In 1996, Imamoglu et al. proposed such a novel type of coherent light source and explained the concept based on an effect closely related to Bose–Einstein condensation of atoms: A large number of bosonic particles (here: polaritons) form a condensate in a macroscopically occupied quantum state via stimulated scattering. The condensate of polaritons finally provides coherent emission of light. Thus, it is a coherent light source that owns a different working mechanism compared to conventional laser devices. Owing to its principle, a polariton-laser promises a more energy-efficient laser operation. The typical semiconductor structure for such a laser consists of an optical microcavity placed between distributed Bragg reflectors.

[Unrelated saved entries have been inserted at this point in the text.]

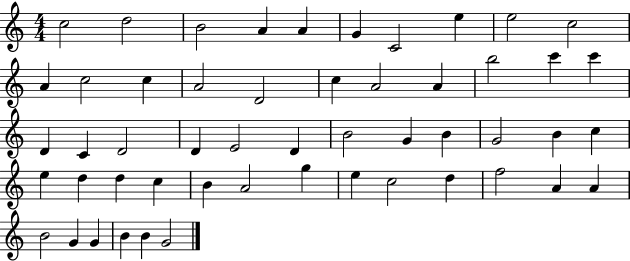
{
  \clef treble
  \numericTimeSignature
  \time 4/4
  \key c \major
  c''2 d''2 | b'2 a'4 a'4 | g'4 c'2 e''4 | e''2 c''2 | \break a'4 c''2 c''4 | a'2 d'2 | c''4 a'2 a'4 | b''2 c'''4 c'''4 | \break d'4 c'4 d'2 | d'4 e'2 d'4 | b'2 g'4 b'4 | g'2 b'4 c''4 | \break e''4 d''4 d''4 c''4 | b'4 a'2 g''4 | e''4 c''2 d''4 | f''2 a'4 a'4 | \break b'2 g'4 g'4 | b'4 b'4 g'2 | \bar "|."
}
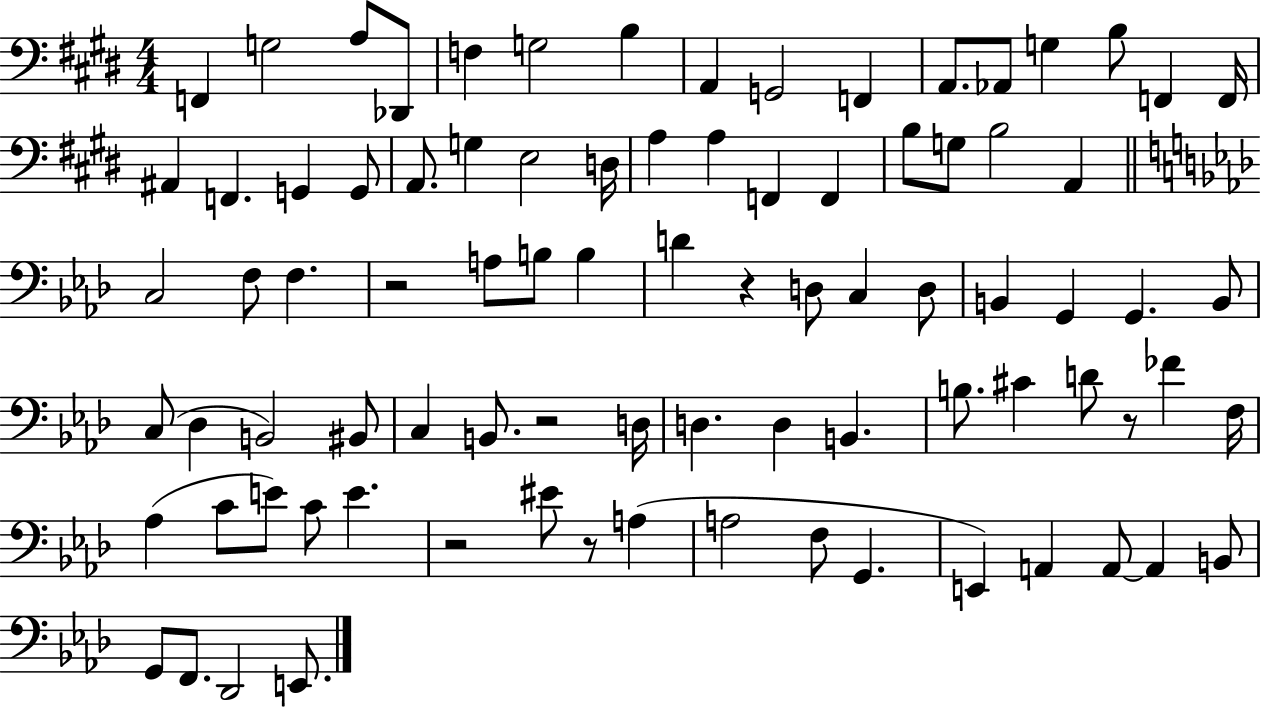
F2/q G3/h A3/e Db2/e F3/q G3/h B3/q A2/q G2/h F2/q A2/e. Ab2/e G3/q B3/e F2/q F2/s A#2/q F2/q. G2/q G2/e A2/e. G3/q E3/h D3/s A3/q A3/q F2/q F2/q B3/e G3/e B3/h A2/q C3/h F3/e F3/q. R/h A3/e B3/e B3/q D4/q R/q D3/e C3/q D3/e B2/q G2/q G2/q. B2/e C3/e Db3/q B2/h BIS2/e C3/q B2/e. R/h D3/s D3/q. D3/q B2/q. B3/e. C#4/q D4/e R/e FES4/q F3/s Ab3/q C4/e E4/e C4/e E4/q. R/h EIS4/e R/e A3/q A3/h F3/e G2/q. E2/q A2/q A2/e A2/q B2/e G2/e F2/e. Db2/h E2/e.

An early demonstration of polaritonic lasing and a comparison to conventional lasing was achieved in 2003 by H. Deng et al. at Stanford University under optical excitation (Polaritonic condensation was later fully linked to dynamical Bose–Einstein condensation in 2006 by Kasprzak et al.). However, electrical pumping of a polariton laser—crucial for a practical use of polaritonic light sources—was not demonstrated until 2013 when the first and unambiguous demonstration of an electrically pumped polariton-laser was presented by a team of researchers from the University of Michigan and by a team from University of Würzburg together with their international partners using the similar techniques.

At this stage, the electrically driven device operates at very low temperatures around 10 K and needs a magnetic field applied in the Faraday geometry. In 2007, even room temperature operation of an optically pumped polariton laser was demonstrated, promising the development of future electrically pumped polariton lasers for room temperature application.

It is important, and challenging, to distinguish polaritonic lasing from conventional (photonic) lasing, owing to the similar emission characteristics. A crucial element of the success by both teams lies in the hybrid nature of polaritons whose matter component (excitons) exhibits a sensitive response to an external magnetic field. The Michigan team led by Pallab Bhattacharya used a combination of modulation doping of the quantum wells in the active region, to enhance polariton-electron scattering, and an external magnetic field to enhance the polariton-phonon scattering and the exciton -polariton saturation density. With these measures they achieved a comparably low polariton lasing threshold of 12 A/cm^{2} (published in Physical Review Letters in May 2013). The investigations performed by the team in Würzburg, having started with the idea of engineering an electrical device in 2007, led to the desired effect after a few years in cooperation with their international partners from the U.S., Japan, Russia, Singapore, Iceland and Germany. Finally, their studies were complemented by a crucial experiment in a magnetic field: an unambiguous verification of the emission-mode's matter component in the polaritonic laser regime was given, yielding a first-time experimental demonstration of an electrically pumped polariton laser by C. Schneider, A. Rahimi-Iman and co-authors in the team of S. Höfling (published in Nature in May 2013).

On June 5, 2014, Bhattacharya's team succeeded in creating what's believed to be the first polariton laser that is fueled by electric current as opposed to light, and also works at room temperature, rather than far below zero.